Когда он ходил по крышам, корабли перед ночью причаливали в порт.
Город утопал в плачущих гудках пароходов, гудки были ленивыми и медленными, старухи складывали зубы на полки и ловили последние языки заката стеклянные витражи.
Сначала он показался мне видением, точнее, приведением – так как сидел, не дыша и не шевелясь, а от его лица, от свободных участков тела и одежд исходило приглушённое серебристое мерцание. С виду это был высокий, длинноволосый, черноволосый мальчик лет двадцати.
- Я поэт – говорил он, и отводил глаза.
Я любил его как какую-нибудь хорошую картину, очень любил, а иногда даже хотелось к нему прикоснуться, нарушить тот многовековой и всеединый покой, который скрывался под его кожей, среди медных скрипичных ключей или под венецианскими полотнами. Но никогда не делал этого.
- Кто я тебе? Зачем ты ходишь за мной? – утомлённо спрашивал он, и лениво обнимал руками колени.
- Ты моя печаль!
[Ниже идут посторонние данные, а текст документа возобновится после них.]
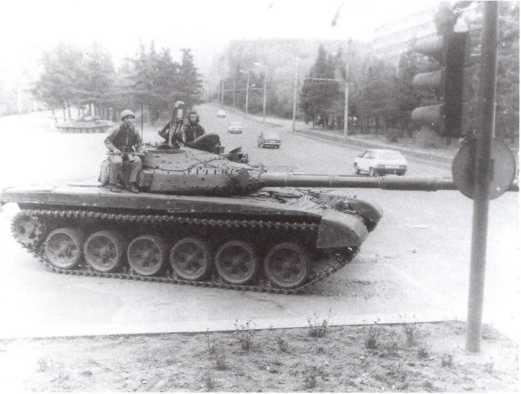 Иллюстрация к книге — Т-72. Уральская броня против НАТО [i_161.jpg]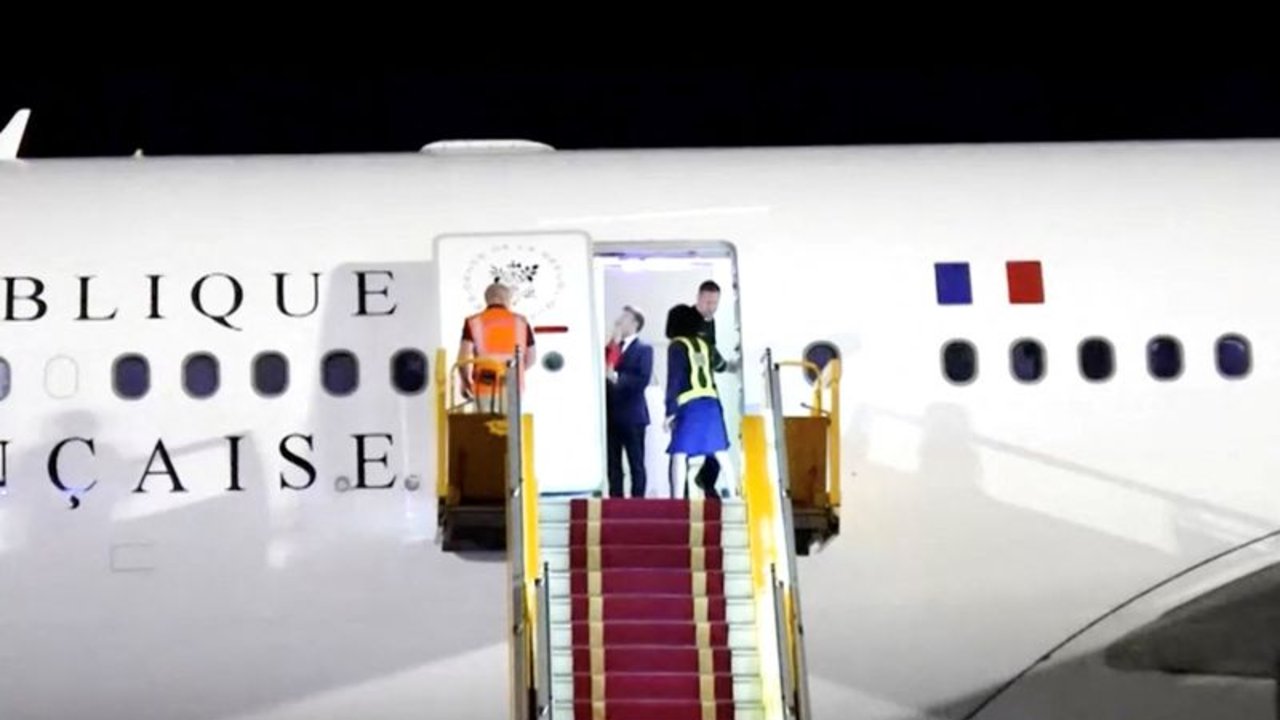 Macron resta importancia al aparente manotazo de su esposa en Vietnam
Ты моя отравленная Венеция! – отвечал я, и почему-то смеялся.
Он вдруг поднимал на меня глаза, чуть кривил молочные губы, и ничего не говорил.
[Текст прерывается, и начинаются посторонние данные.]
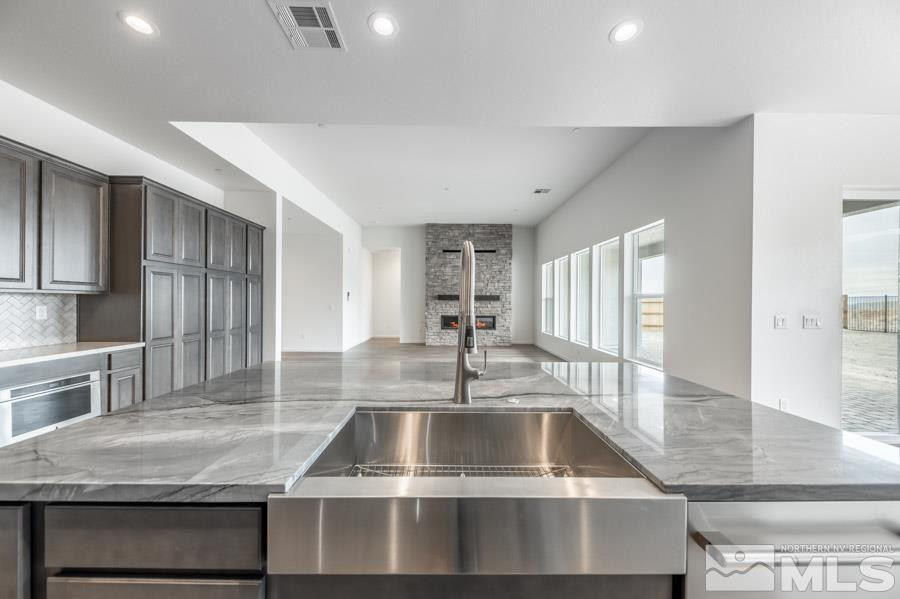 2096 Kinglet Drive Cinnamon 5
Даже сквозь мягкую вечернюю мглу я видел молочную стать его тела, видел контуры его неплотно сжатых юношеских губ – но никогда не видел цвета его глаз, только однажды инстинктивно догадался: они у него зелёные, и другими быть не могли.
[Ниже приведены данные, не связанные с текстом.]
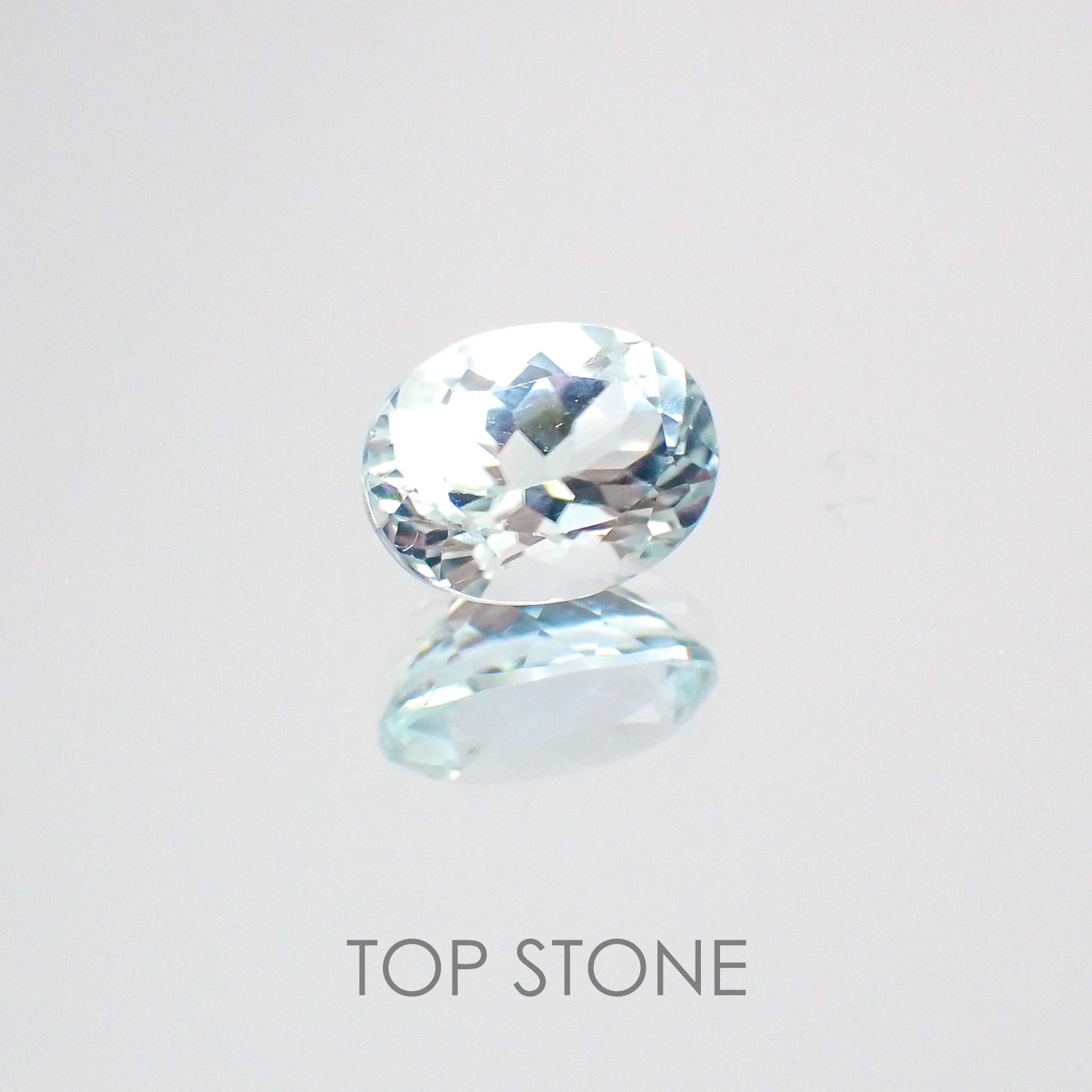 アンブリゴナイト/モンテブラサイト マダガスカル産 ルース 0.76ct[21018016]6.4×4.9mm前後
- У тебя зелёные глаза? – однажды спросил я.
- Зелёные – ответил он, и больше ничего не сказал.
А однажды я увидел его сидящим на самом краю крыши – спокойным и задумчивым. Он болтал тонкими ровными ногами и просто смотрел вниз. Сначала я его беззаботно уговаривал, словно ничего необычного не происходит, потом дёрнул за руку, затащил на чердак, начал ругать и обнимать, но призраки качающихся деревьев нас окружали, и мне показалось, они отнимут у меня эту белую невесомую тень.
После этого я его видел два или три раза, но венецианские полотна, которые сидели где-то глубоко внутри меня, только пугали и тускнели.
Иногда он рисковал, – убегал, завидев меня, и перепрыгивал с крыши на крышу.